SLOs, SLI, and Error Budgets are the key pillars of Site Reliability Engineering, as championed by Google.
What is the purpose of service working 100% of the time, but which doesn’t meet the needs of its users….
Or a service that never gets new features because that would require it to fail!
On the extreme opposite, what is the purpose of service, with all the great big bang features, that the users want, but which is unreliable, and doesn’t work most of the time!
Neither service is any good!
What we need is a balance, the yin and the yang need to be in perfect harmony.
This is why SLO, SLIs, and Error budgets exist.
What is an SLO?
The SLO stands for Service Level Object, which is not to be confused by SLAs, which are better known by lawyers used to drafting contracts with penalty clauses.

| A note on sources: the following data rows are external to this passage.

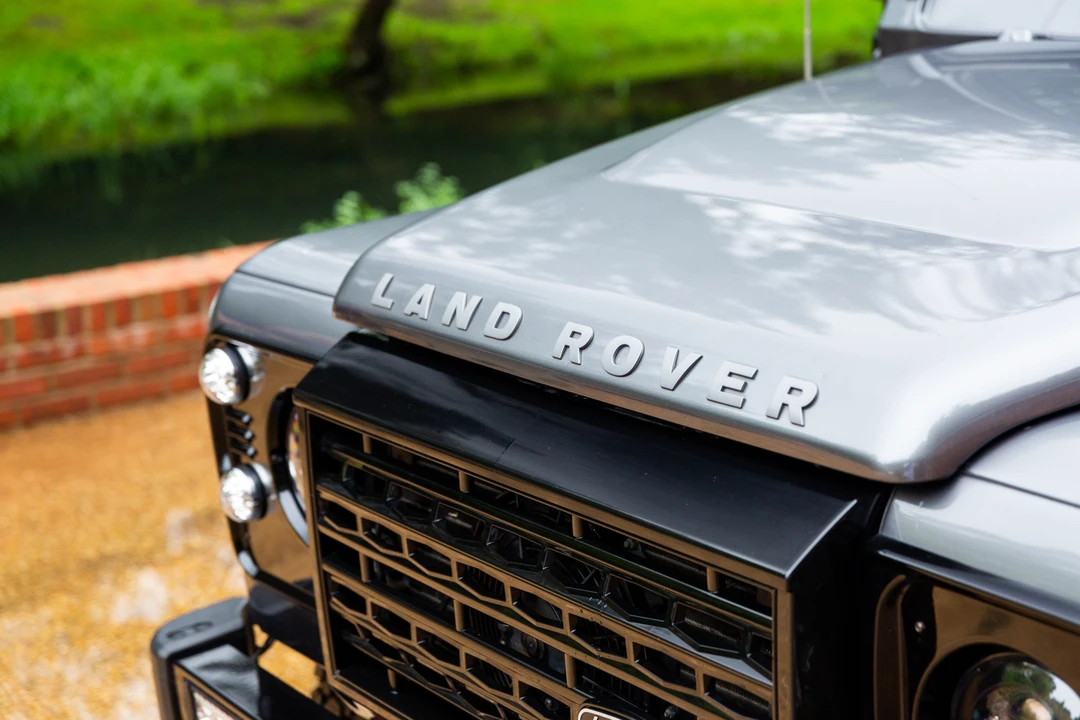 2013 Land Rover Defender 110 - Image 24 of 31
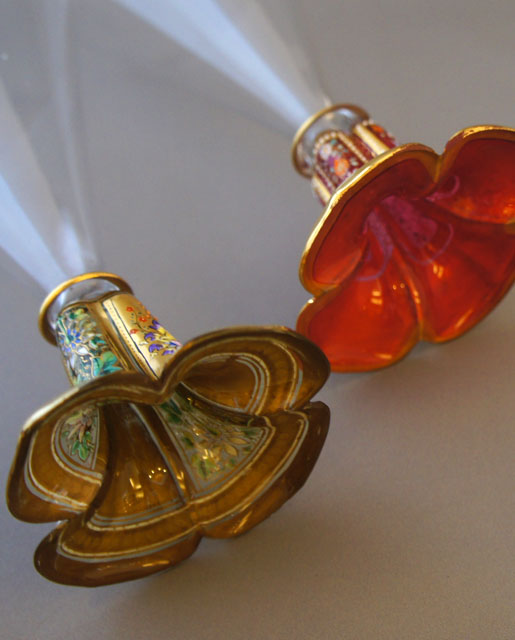 モーゼル「金彩エナメル装飾ワイングラス」《アンティックかとう》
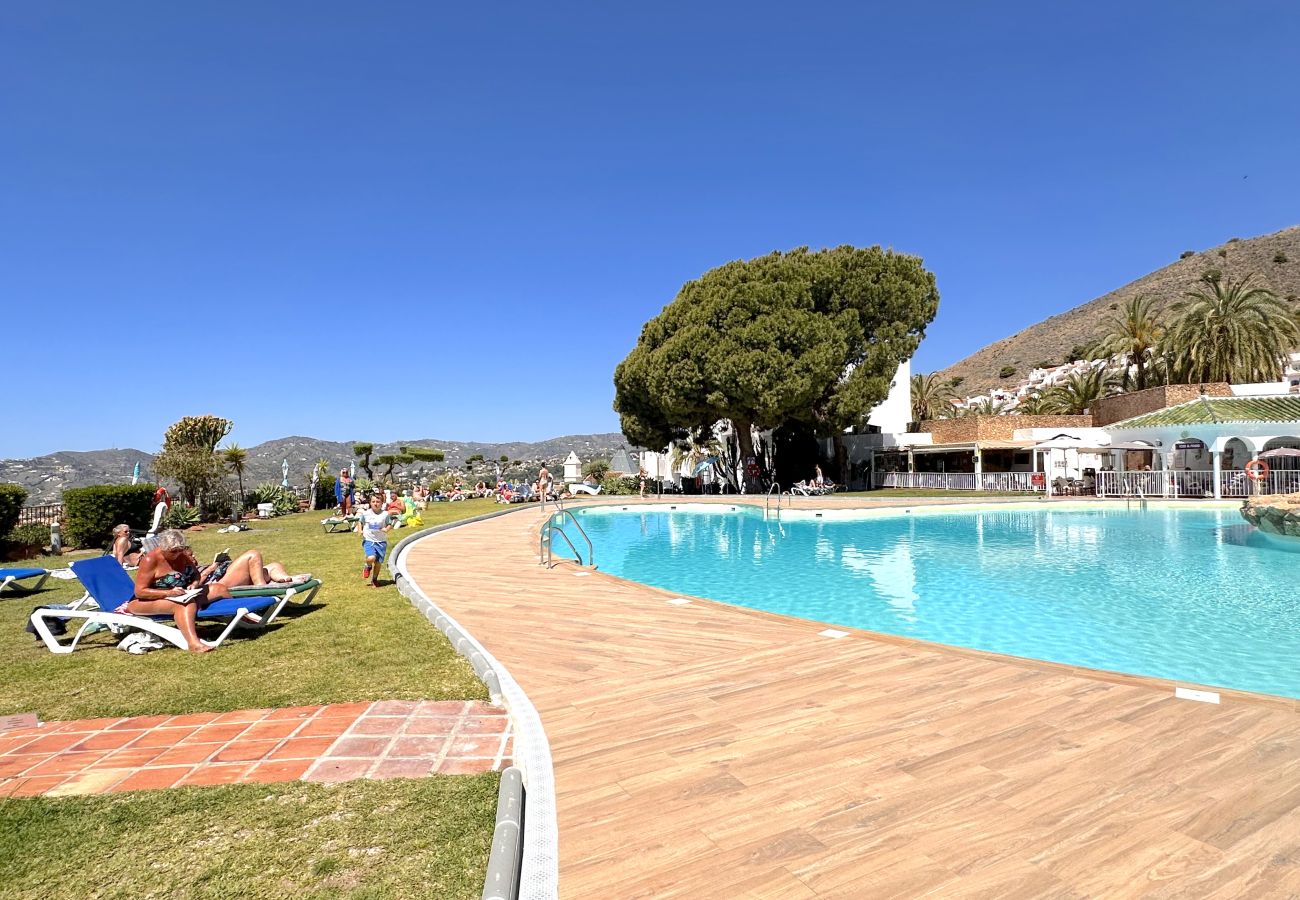 Apartment in Nerja - Hibiscos 7 San Juan de Capistrano by Casasol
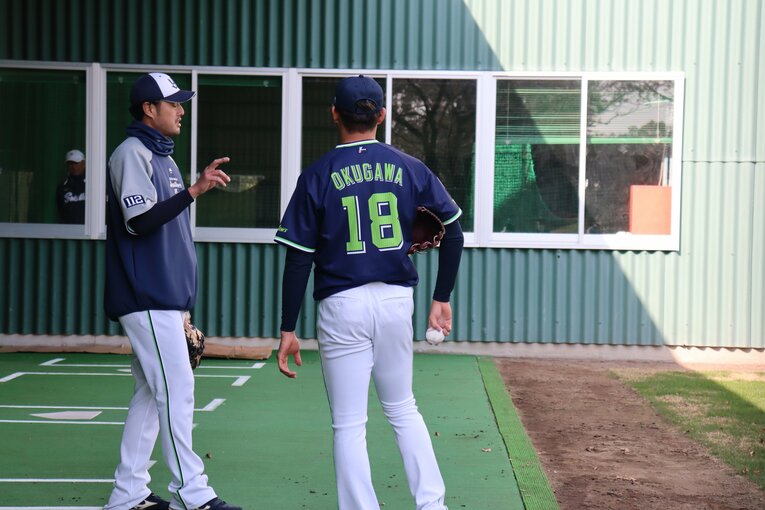 奥川と小山田ブルペン捕手 ©Kou Hiroo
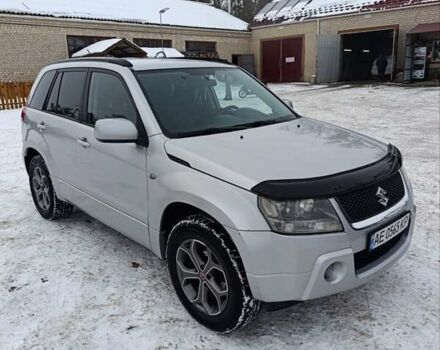 Сірий Сузукі Гранд Вітара, об'ємом двигуна 2 л та пробігом 275 тис. км за 6300 $, фото 1 на Automoto.ua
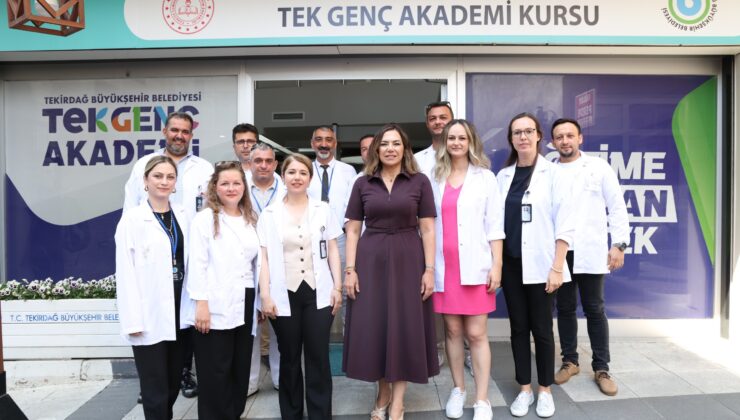 ÜNİVERSİTE YOLUNDA GENÇLERE BÜYÜKŞEHİR DESTEĞİ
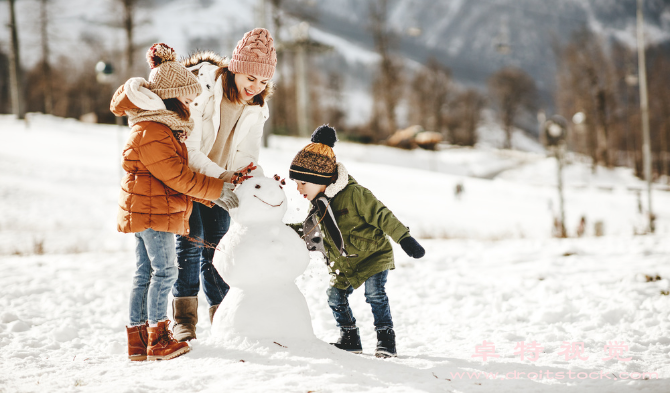 冬天图片素材：寒冬来袭，踏雪寻梅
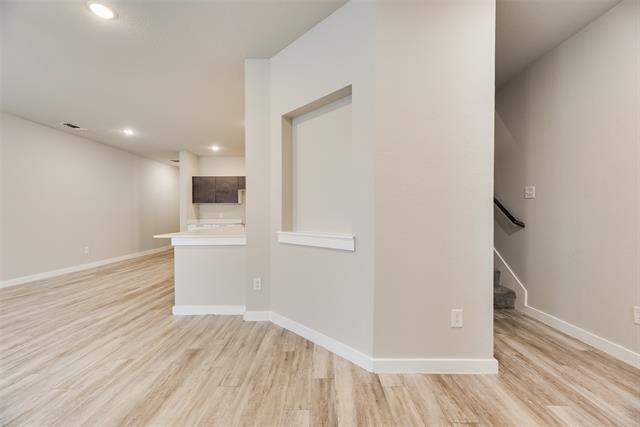 Photo - 2412 Freshwater Ln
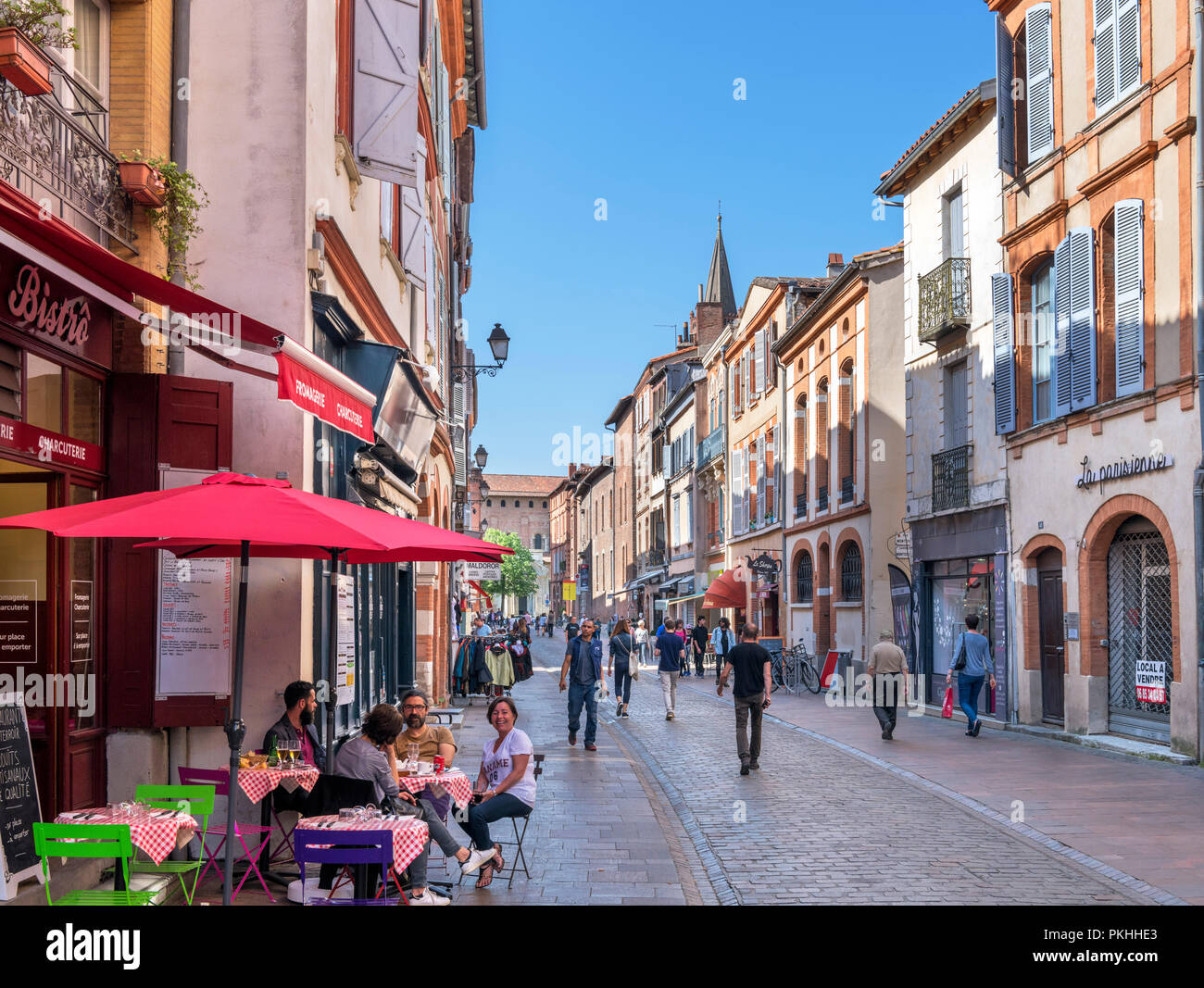 Negozi e caffetterie sulla Rue du Taur, Toulouse, Languedoc, Francia Foto Stock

Nobody likes to have to deal with lawyers, so that’s why SLOs were invented. Ok…. I am just joking….
A Service Level Agreement, more commonly known as an SLA is not always something that can be easily measured and can be highly subjective.
An SLO on the other hand should be easily measured with data and it shouldn’t be open to dispute.
An example of an SLO is for instance saying: I want 95% of all requests to API X to be successfully served within 100ms.
Or a more common SLO is about availability, “I want 99.99% of all requests to API x to be successful”.
Additionally, an SLO should also be measured across a window of time, for instance over a 30 days period.
So a service level objective is a target that can be measured, by an SLI, which stands for Service Level Indicator. Without an SLI you don’t have an SLO. If you can’t measure it, an SLO is no more than an aspiration.
How is the SLO set?
One shouldn’t randomly set values for a service SLO.
An SLO properly defined is the result of the delicate balance of having a reliable and fast service, against the desire for constant improvement.
This is why defining SLOs that seeks 100% uptime and availability is not a good idea.
Besides being a very costly objective, having near-perfect reliability will prevent a service from being constantly updated with new features. Because every time you need to add new features, for sure the reliability will go down.
But if the reliability goes down then you would be automatically not meet the SLO. This is because the SLO was set too high, without having a good enough buffer, which is also known as the error budget.
Therefore it is very important to set realistic SLOs.
Below you can see an example of an SLO that you can set for a project:
- 99.9% of all requests to service X are successful
- Latency should be below 100ms for 95% of all requests
- 99.99% of all requests to add a product to the cart are successful.
These SLOs are based on windows of time of 30 days. However, you can also set them per quarter or by whatever length of time you find appropriate for your project.
It is no good to define SLOs and SLIs that can’t be easily measured with SLIs and we don’t keep track of them.
More often than not, Prometheus and Grafana are used to collect metrics and visualize SLOs in an enterprise. Below you can see an example of a dashboard that you might see, to track compliance with an SLO:
Often, the measured SLI indicator is above the target SLO. The difference between the two is what constitutes the Error Budget.
The Error Budget is the slack that a business has in making changes that may bring the reliability down.
By keeping tabs on the SLO and the Error Budget a business is able to control the rate of change.